It was first discovered that an Internet Explorer (IE) zero-day vulnerability could enable hackers to steal limited data from users using computers running Windows 7, 10 and Server 2012.
The flaw comes from IE's XML eXternal Entity vulnerability (sometimes called an XXE injection attack), discovered by security researcher John Page.
The research concluded that the Microsoft web browser's vulnerability could also be "exploited even if you never intentionally use Internet Explorer."
But things can go more than that, as the flaw enables hackers to infiltrate computers in such a way that they are only required to do a couple of clicks to execute their attacks on victims.
In Page’s demonstration, he opened a malicious MHL file with a file manager. IE then automatically uploaded several files to a remote server. Page then showed that when the downloaded file is opened through IE, the information was not sent to the remote server.
However, when Page downloaded the file through Microsoft Edge and opened it through IE, the exploit worked as it was intended.
This vulnerability was also tested and verified by Mitja Kolsek the CEO of ACROS Security.
The flaw happened to resides inside Windows 10 feature which is meant to boost security of such saved file against malicious code being able to execute within the Edge sandbox.
This feature however, appears to effectively disable another security feature, known as 'mark-of-the-Web', which is used by IE to flag untrusted files downloaded from the internet.

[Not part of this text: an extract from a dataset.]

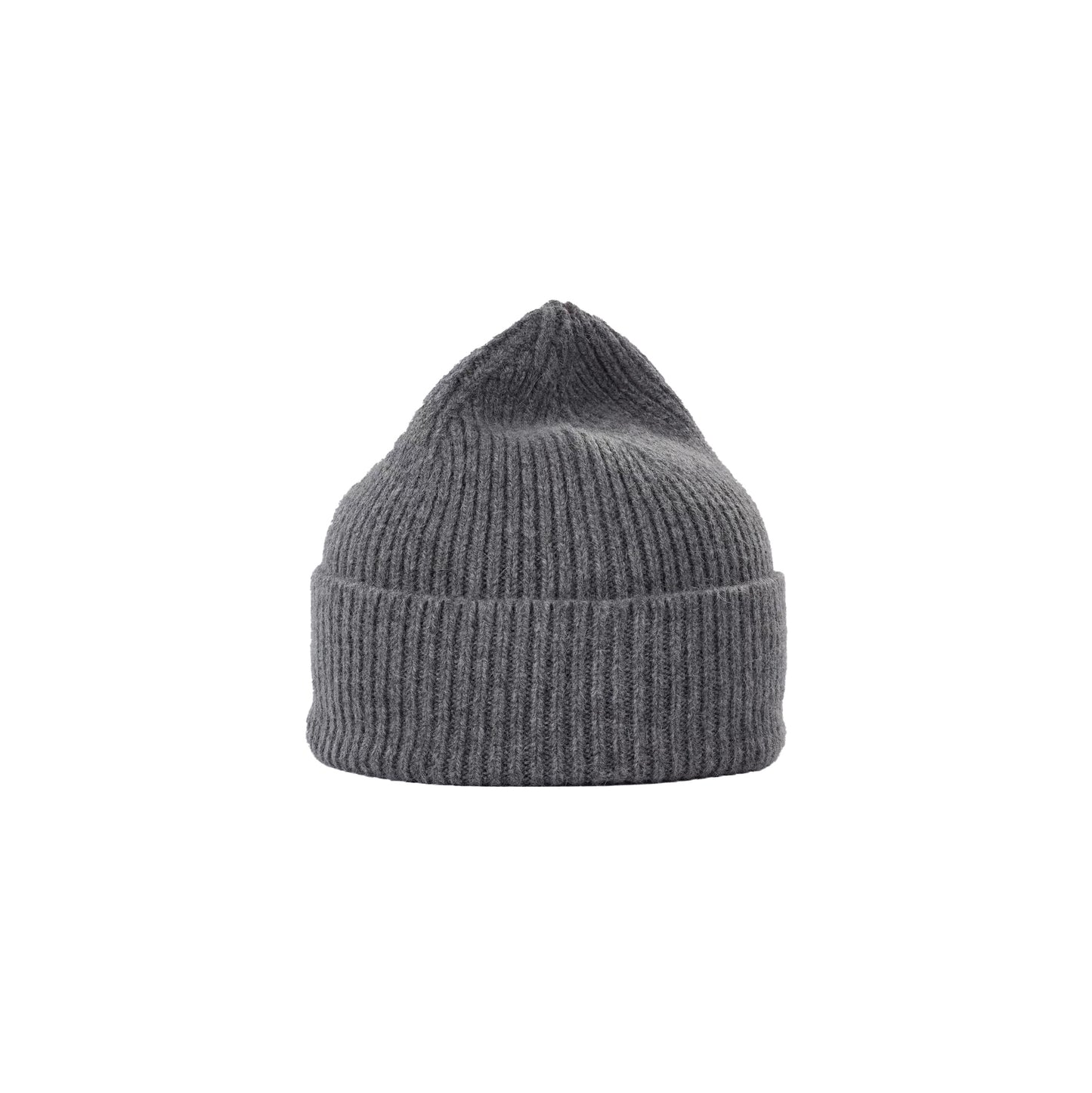 Le Bonnet Beanie made of lambswool with a ribbed design and a folded brim, set against a plain white background.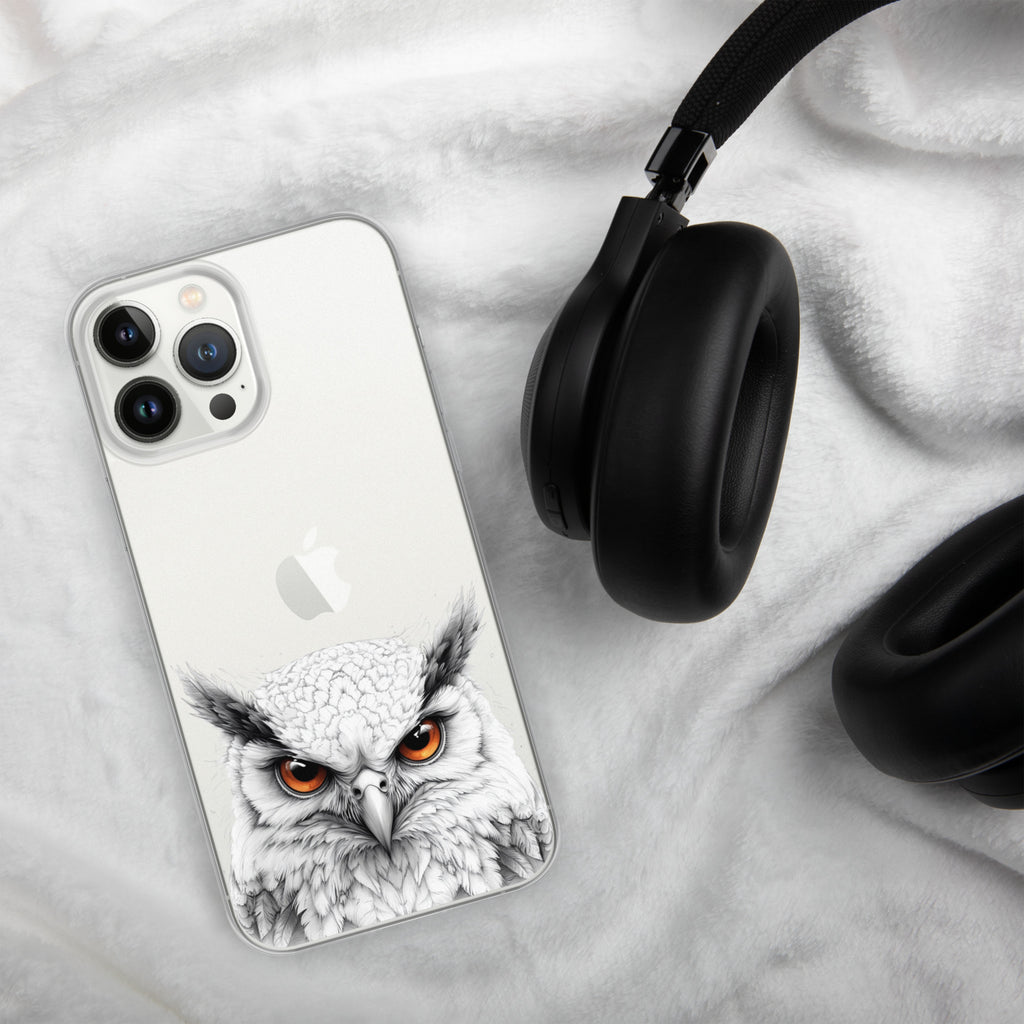 Snowy Owl Glare Clear Case for iPhone 13 Pro Max - Minimalist White Owl Illustration Protective Cover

Here, IE creates a single MIME HTML (MHT) file to save a complete web page to a local drive, one that contains all images, CSS, JavaScript and internal links. The problem is, IE added the “mark-of-the-Web”, but Microsoft Edge did not.
"We have found that the malicious MHT file doesn't have to be downloaded and manually opened by the user, just opening it directly from Edge can be made to work as well," Kolsek explained.

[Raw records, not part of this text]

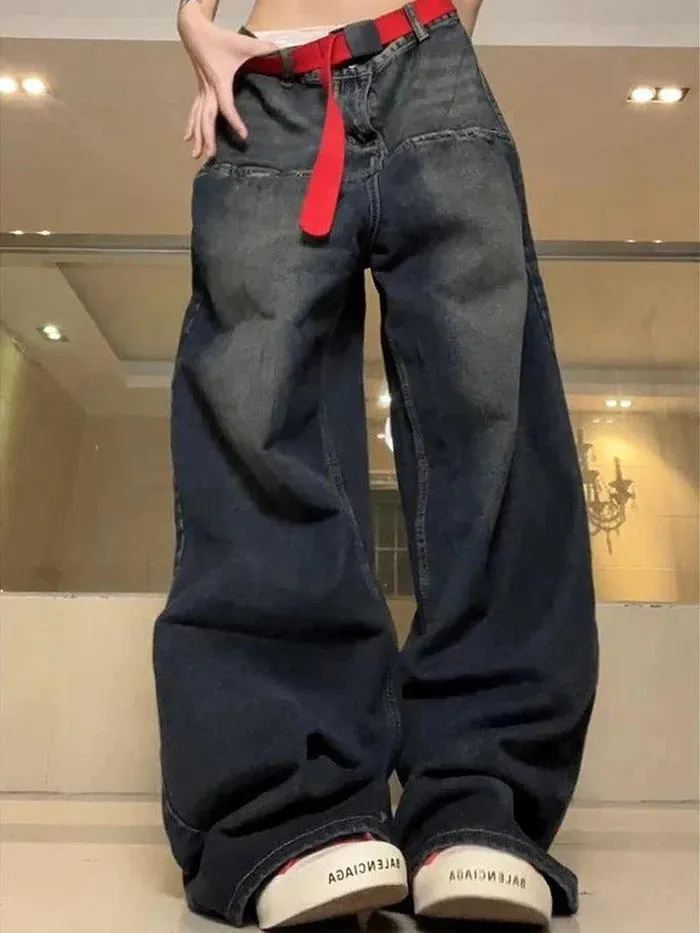 Blue Vintage Washed Distressed Baggy Boyfriend Jeans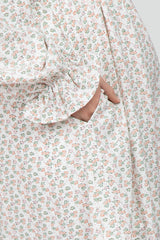 Peach Ditsy Floral Smocked Off Shoulder Maternity Dress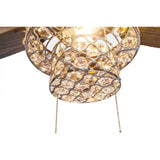 River of Goods 18913 52 in. Silver Ceiling Fan with Punched Metal Triple-Tiered Clear Crystals www.HomeDecorAndTools.com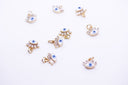 White Enamel Evil eye Enamel Cute Charm, CPG195W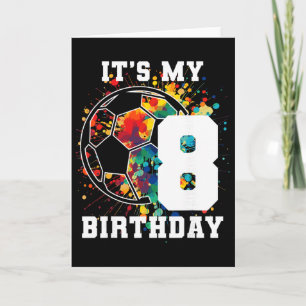 Kids 8th Birthday Soccer Byll Birthday Party 8 Yea Card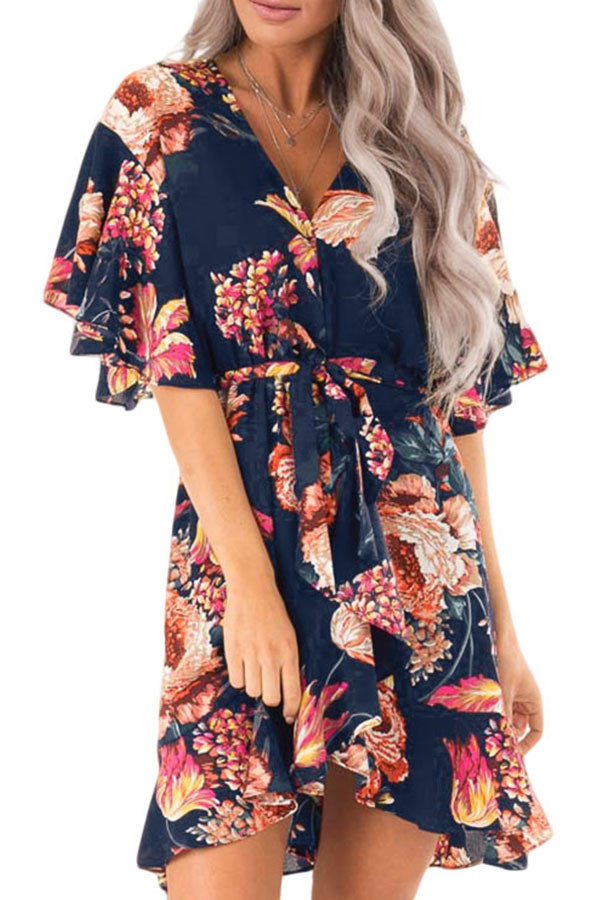 Blue Floral Print V Neck Wrap Dress with Ruffle Sleeves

What's more, Kolsek said that the exploit can also be enhanced to make it operate with more stealth and "extract many local files using a single MHT file."
Kolsek also disclosed that the original proof-of-concept exploit could be "improved" to steal far more files and with the malicious file being opened directly from Edge.
Here, Kolsek revealed that Windows 10 users are at far more risk if they use Microsoft Edge web browser.
The reason for this is because IE appears to be confused by Edge’s added entries. IE was unable to read the malicious MHT’s data stream, therefore assuming that it did not include a mark-of-the-web.
Kolsek noted that “An undocumented security feature used by Edge neutralized an existing, undoubtedly much more important feature (mark-of-the-web) in Internet Explorer.”
According to James Forshaw of Google’s Project Zero vulnerability team, Edge instead “capability and group SIDs for the Microsoft.MicrosoftEdge_8wekyb3d8bbwe package." Once Forshaw deleted one of Edge’s added entries, the vulnerability disappeared.
Page and other researchers contacted Microsoft, but the company replied that it does not intend to fix the bug any time soon.
Spoiler, the secret is the capability and group SIDs for the "Microsoft.MicrosoftEdge_8wekyb3d8bbwe" package :-) This seems par for the course with Edge, adding backdoors all over the place. Wonder if this approach will apply to Edgium? /cc @ericlaw https://t.co/lu78M7N0qO
— James Forshaw (@tiraniddo) April 17, 2019
The company said that:
"The technique described relies on social engineering and requires a user to download and open a malicious MHT file. We encourage customers to practice safe computing habits online, including exercising caution when clicking on links, opening unknown files, or accepting file transfers."
While it was initially believed that the vulnerability affected the latest version of Internet Explorer on Windows 7, Windows 10, and Windows Server 2012 operating systems, it appears that it is only a threat to Windows 10 users.
It's encouraged that users always practice caution when downloading and opening files.
Kolsek said that only Edge users are at risk, so not using the Microsoft browser should be the best solution, especially since Microsoft declined to quickly fix the issue.
"No other leading web browsers and email clients we've tested are using the undocumented security flag on the downloaded files, which effectively blocks the exploit," according to Kolsek, who seems sure that Microsoft will revisit the issue and develop a patch.